Journal from July 6th 2003
I’ve been noticing lately how much I really enjoy judging people in my head. If I can find a way to make their behavior seem illogical or reckless, I can delight in climbing up on my high horse and pronouncing them less than I. It makes me feel powerful. I know that it’s wrong. I know that it’s something I should stop doing but the truth is, I don’t want to stop.
I’ve had a few instances recently that gave me some new insights into the root of my judgmental behavior.
At dinner the other night, Steve was talking about a cough he had been dealing with for the past week or so. I became angry and scolded him for not going to the doctor. I spoke to him sarcastically and attempted to shame him for being irresponsible with his health. Steve doesn’t respond to this kind of outburst and my attitude was dismissed, next topic.
Later, I felt embarrassed by my behavior. Why had I reacted so strongly to reports of a simple cough? At first, I assumed it was a reaction born out of self-pity. How could he so casually ignore a cough when lung problems had been my greatest downfall? Why did he get to be so leisurely about it when I had to take it so seriously?
While I’m sure there were elements of truth to that theory, it did not ring true, as a whole. I dove a little deeper into the subtext of the exchange and uncovered my underlying emotions were not anger or self-pity; they were fear and worry.
Years ago, when I was in ICU following my first lung transplant, Steve was very ill at home with pneumonia. It had started with a cough that he did not address and the consequence was a yucky bout of pneumonia. My anger and sarcasm were a manifestation of my fear that he would, once again, neglect himself and wind up very sick.
So why the anger? Why did that emerge instead of the love that provided a foundation for my worry? Why would I choose, consciously or unconsciously, to address him in that way instead of with kindness? The answer: vulnerability.
Kindness makes me feel vulnerable, judgment makes me feel strong. Clearly, these feelings do not benefit anyone and are simply counter-productive. Kindness or concern would have gone over much better than misplaced anger and criticism. Perhaps that same exchange delivered with heartfelt concern would have brought us closer together. Instead the opposite was true.
I have taken this realization and attempted to apply it to my life. The results have been interesting.
I was getting frustrated with David the other day. Out of all of the people in my life, he was the only one that had not made a “happy painting” for our kitchen wall. He had promised to do one over and over but never delivered. I just didn’t understand what the problem was. I began to pester him about this, again, and his reaction was to get defensive. I stopped myself in mid-sentence and decided to try and tap into the deeper reason behind my irritation. Once I took a moment to do this, I was able to see that my reasons for wanting him to create a painting reflected my desire for him to let go of his chronic fear of failure. I knew that David was putting off the painting, not because he didn’t want to do one, but because of his overwhelming fear that the painting wouldn’t be good enough, deep enough, clever enough. This precise fear held him back from many other life experiences. He had a history of quitting before he began.

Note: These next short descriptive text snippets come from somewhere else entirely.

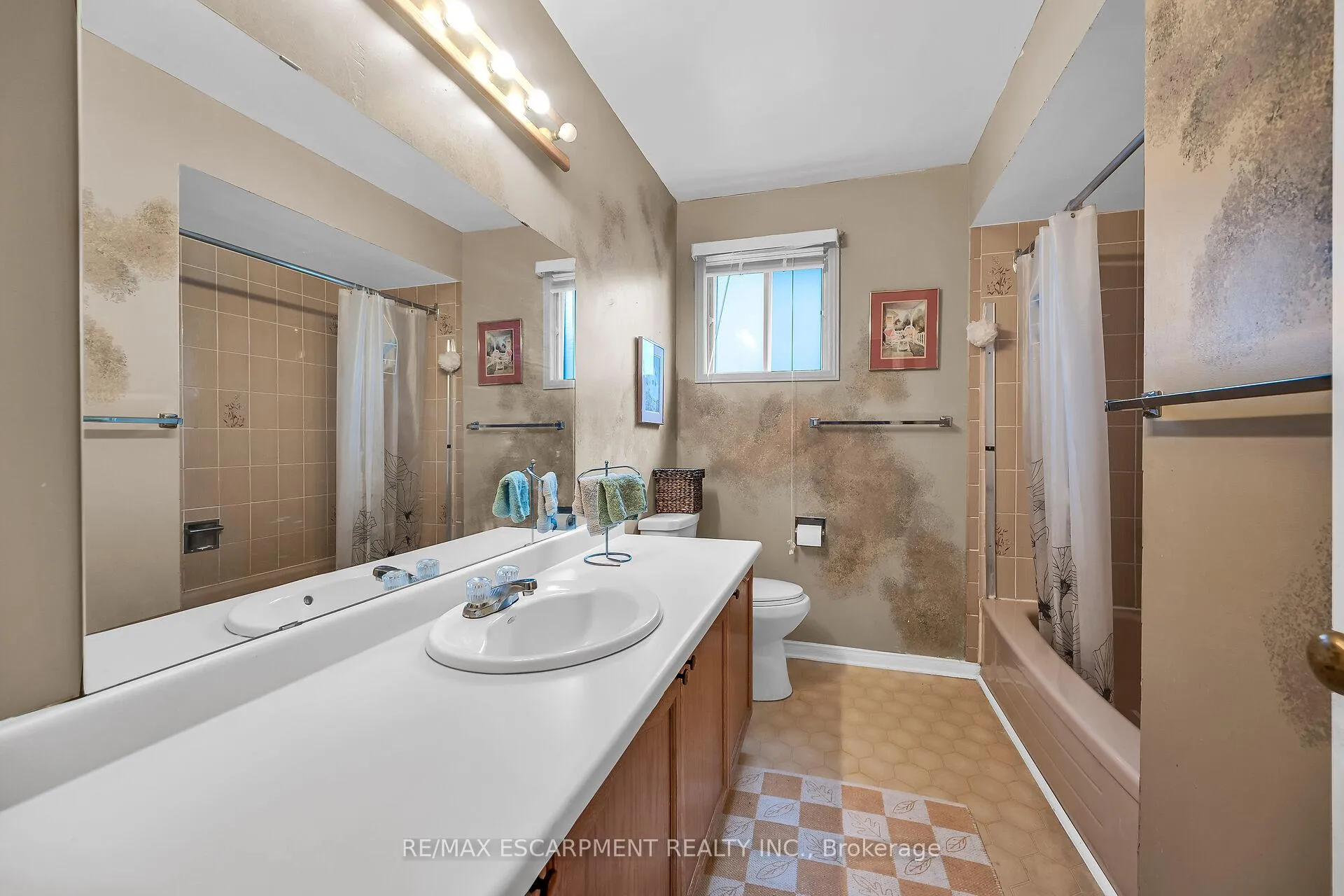 Photo 28 of 70 Golfview Crescent, Hamilton, Dundas — HOMEH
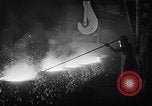 Immagine di Altoforno Dearborn Michigan USA, 1946, secondo 32 filmato di repertorio 65675030013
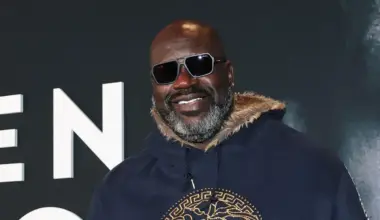 Shaquille O’Neal reveals why he has so much trust in the Warriors’ veteran starting five during the playoffs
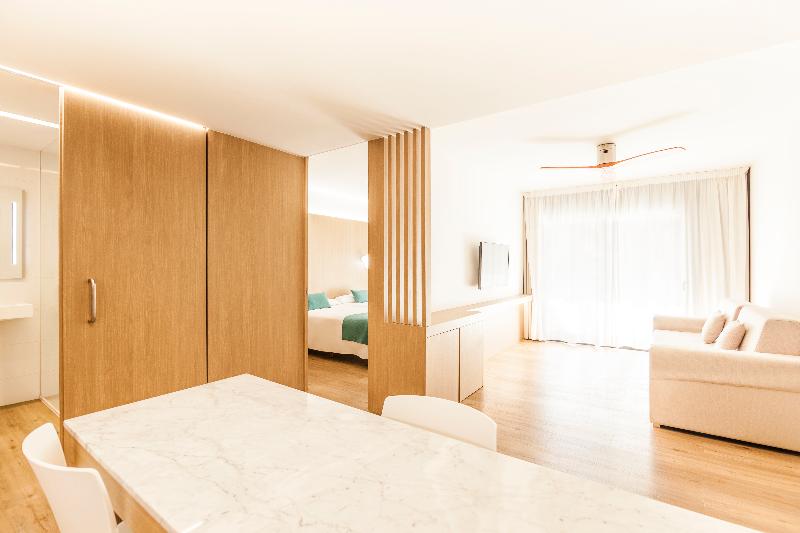 اتاق استاندارد, Calligraphy Greenway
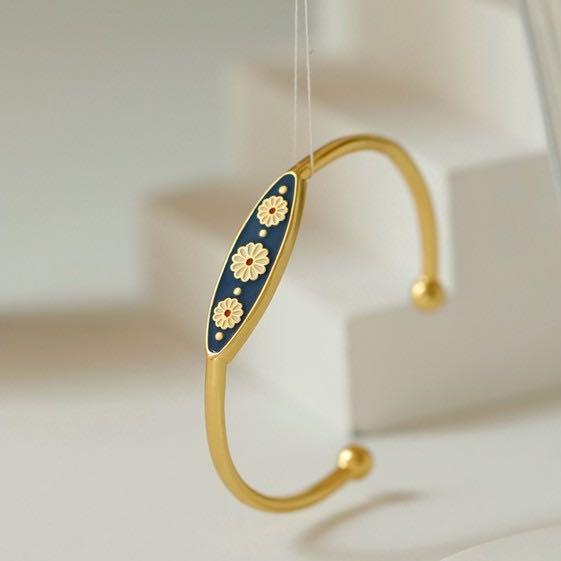 Daisy sale cuff bracelet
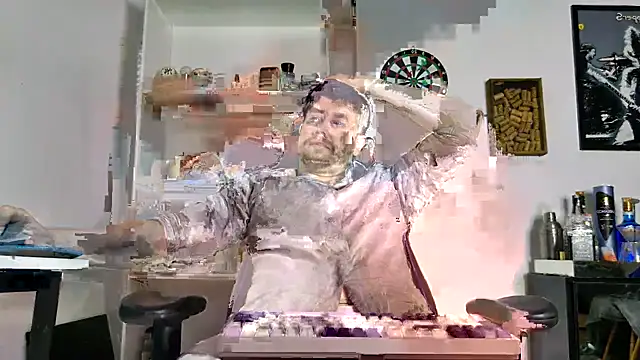 aaron nvk online show from November 5, 9:15 pm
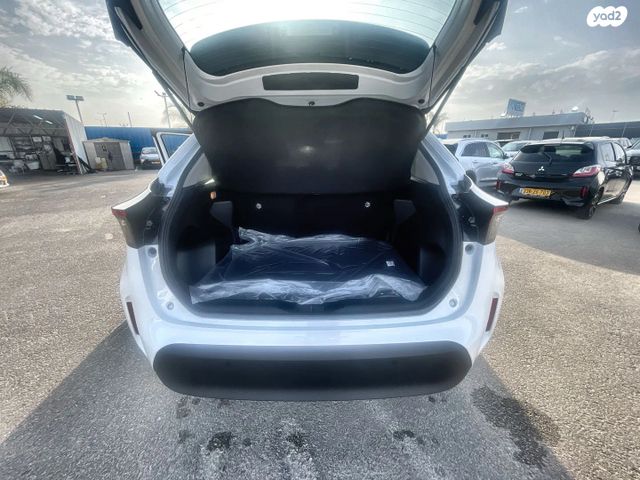 טויוטה יאריס קרוס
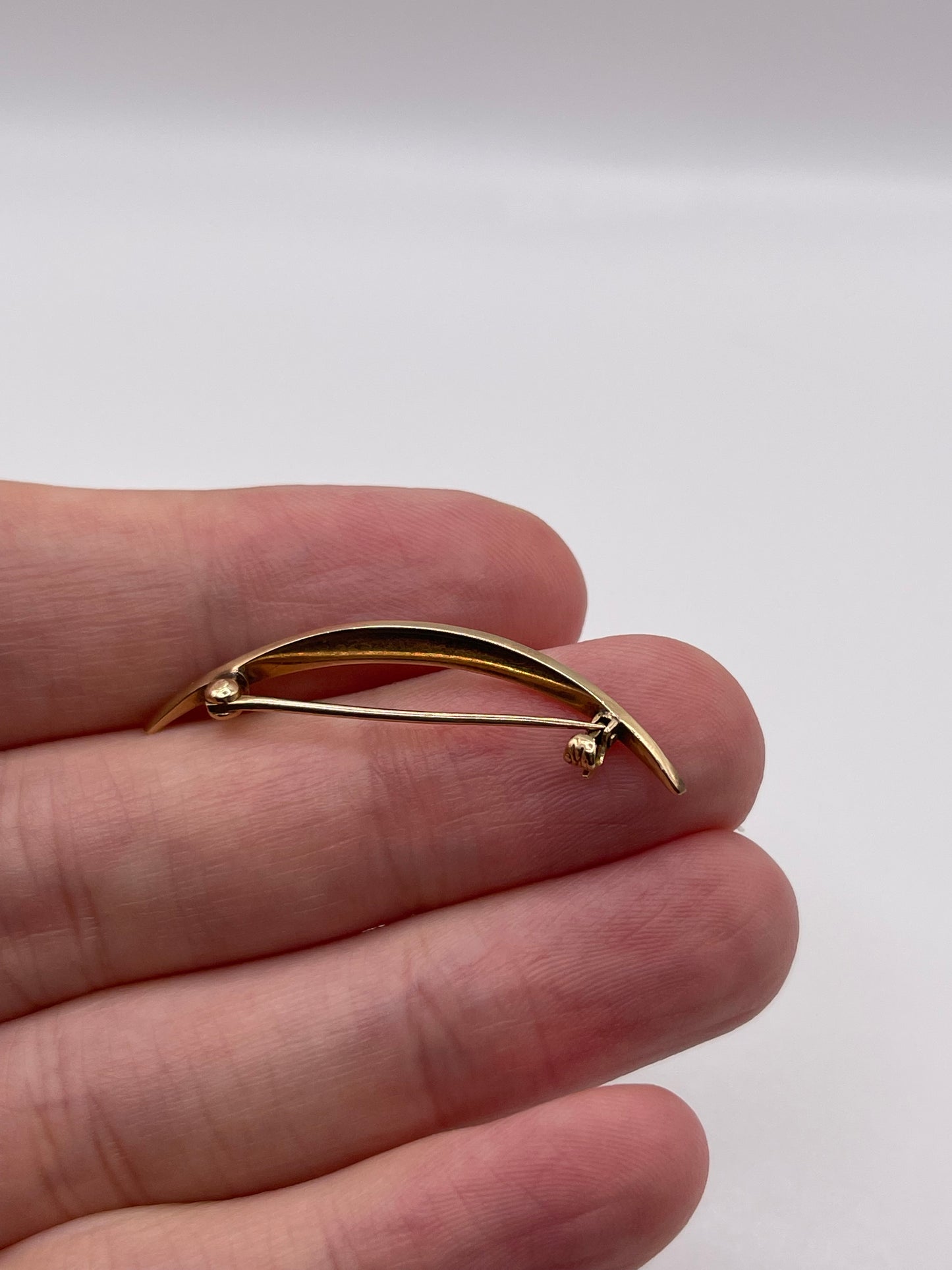 9ct gold pearl crescent brooch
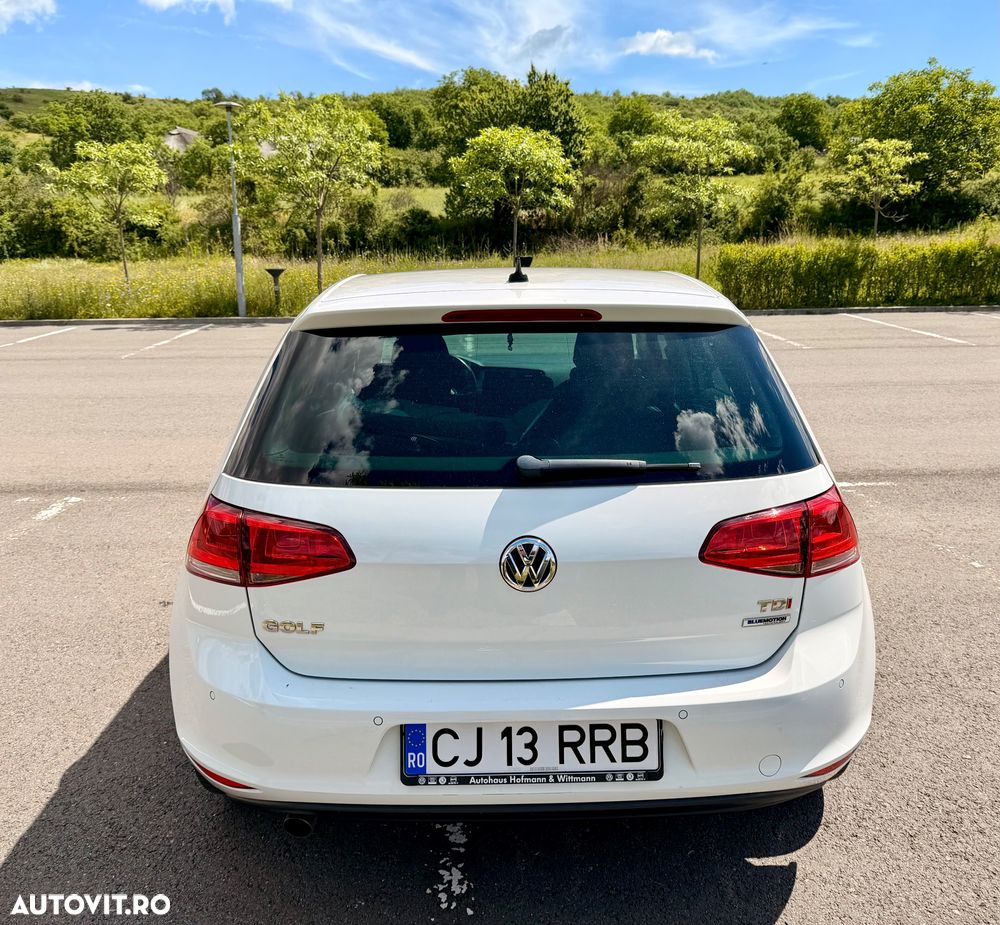 Volkswagen Golf 1.6 TDI BlueMotion Comfortline - 4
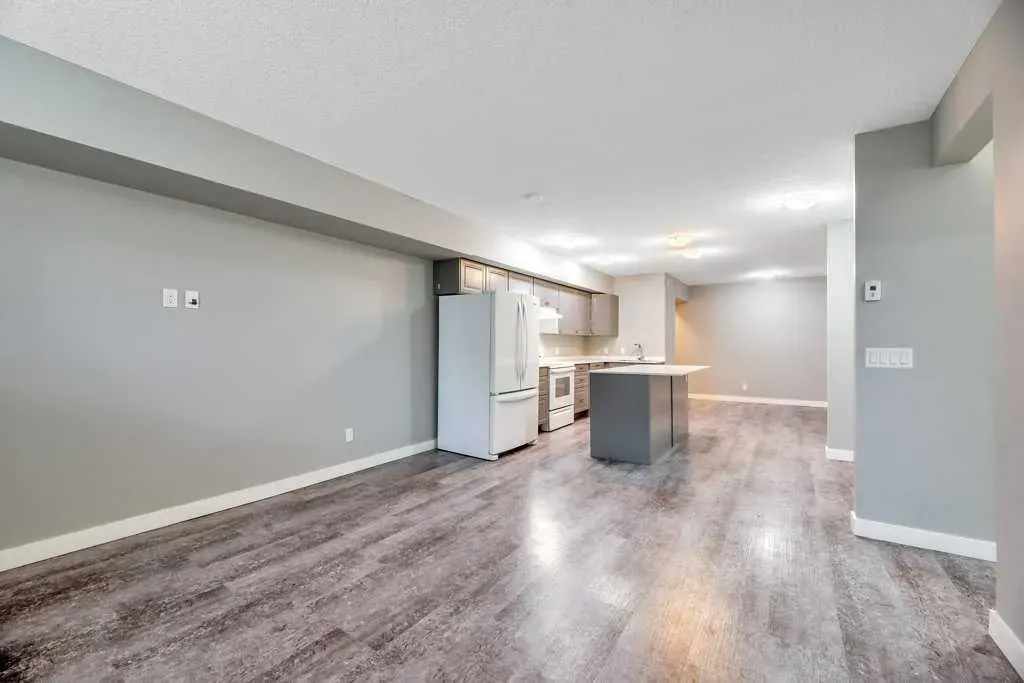 606 Lakeside Boulevard, #12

From where I was sitting, in the land of carpe diem, this kind of resistance to life’s new territories was tragic. I wanted so badly for him to break through that mentality and my conscious manifestation of that desire was to judge him for his perceived cowardice. When I was able to get in touch with this deeper emotion as well as the shallowness of my judgement, I stopped my ranting. Instead, I sat down next to him, looked him in the eye and told him the truth from my heart. I told him that I wanted him to do this painting because he was such an important person in my life. The wall would simply not be complete without his contribution. I told him I didn’t care if the painting was a Mona Lisa or pure nonsense, I just wanted him to have the experience of paint on canvas. I told him that I loved him and wanted him to feel safe to try something new.
Honesty poured from me this made both of us well up with tears. It was a kind of shift in a moment that I had never experienced before. It was beautiful, real and freeing.
David never made a painting but I never brought it up again. It no longer bothered me and I certainly felt no need to nag him about it. I had spoken my hopes and the rest was up to him. I was fine with whatever he chose and had no judgments.
There is something easy and satisfying about judging and gossiping. (If there weren’t so many of us wouldn’t be reading celebrity magazines!) I can’t pretend that these discoveries have transformed me to a place of non-judgmental nirvana. The difference is that I now know when I am doing it and that a much more satisfying alternative exists. It is in my hands to stop taking the easy way out and do a little extra work in order to find a much kinder and more rewarding way to engage those I love.